• PROBLEM REQUIREMENTS:
Determine how many lines in the listing that follows include "Avenue". Answer only with that number.

• EXERCISE INPUTS:
--------------------------------------------------

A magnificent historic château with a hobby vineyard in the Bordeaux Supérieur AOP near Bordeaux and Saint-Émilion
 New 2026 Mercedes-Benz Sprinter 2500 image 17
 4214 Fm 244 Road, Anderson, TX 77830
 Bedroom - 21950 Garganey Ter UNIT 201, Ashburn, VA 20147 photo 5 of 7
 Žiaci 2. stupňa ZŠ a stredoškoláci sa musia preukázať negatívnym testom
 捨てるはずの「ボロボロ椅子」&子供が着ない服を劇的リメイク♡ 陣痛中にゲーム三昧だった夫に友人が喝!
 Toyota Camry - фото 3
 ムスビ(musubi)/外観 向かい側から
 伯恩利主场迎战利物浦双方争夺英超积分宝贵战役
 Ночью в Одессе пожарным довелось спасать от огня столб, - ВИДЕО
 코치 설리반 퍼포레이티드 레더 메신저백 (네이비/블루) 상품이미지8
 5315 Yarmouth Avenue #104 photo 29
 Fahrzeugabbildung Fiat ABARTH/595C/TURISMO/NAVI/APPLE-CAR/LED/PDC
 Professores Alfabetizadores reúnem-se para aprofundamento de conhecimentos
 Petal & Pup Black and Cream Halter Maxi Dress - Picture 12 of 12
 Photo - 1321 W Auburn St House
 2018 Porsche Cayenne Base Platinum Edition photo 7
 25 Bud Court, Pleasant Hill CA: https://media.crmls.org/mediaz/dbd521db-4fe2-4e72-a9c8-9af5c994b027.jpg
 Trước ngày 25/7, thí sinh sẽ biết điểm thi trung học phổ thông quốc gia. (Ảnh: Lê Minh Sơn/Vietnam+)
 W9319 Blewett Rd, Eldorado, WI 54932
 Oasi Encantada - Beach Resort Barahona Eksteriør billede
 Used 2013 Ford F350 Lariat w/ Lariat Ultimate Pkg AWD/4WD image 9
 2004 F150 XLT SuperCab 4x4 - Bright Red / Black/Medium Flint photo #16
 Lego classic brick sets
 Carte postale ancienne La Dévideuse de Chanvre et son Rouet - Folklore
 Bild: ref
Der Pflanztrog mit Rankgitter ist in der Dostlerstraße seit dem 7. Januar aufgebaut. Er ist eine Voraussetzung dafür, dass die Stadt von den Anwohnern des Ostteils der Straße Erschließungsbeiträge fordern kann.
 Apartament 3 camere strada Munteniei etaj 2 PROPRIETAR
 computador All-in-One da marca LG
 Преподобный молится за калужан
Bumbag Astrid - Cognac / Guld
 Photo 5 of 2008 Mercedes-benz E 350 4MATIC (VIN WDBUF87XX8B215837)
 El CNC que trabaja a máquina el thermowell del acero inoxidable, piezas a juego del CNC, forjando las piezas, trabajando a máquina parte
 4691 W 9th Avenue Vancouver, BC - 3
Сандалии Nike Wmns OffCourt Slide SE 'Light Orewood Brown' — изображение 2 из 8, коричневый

--------------------------------------------------

• EXERCISE SOLUTION:
2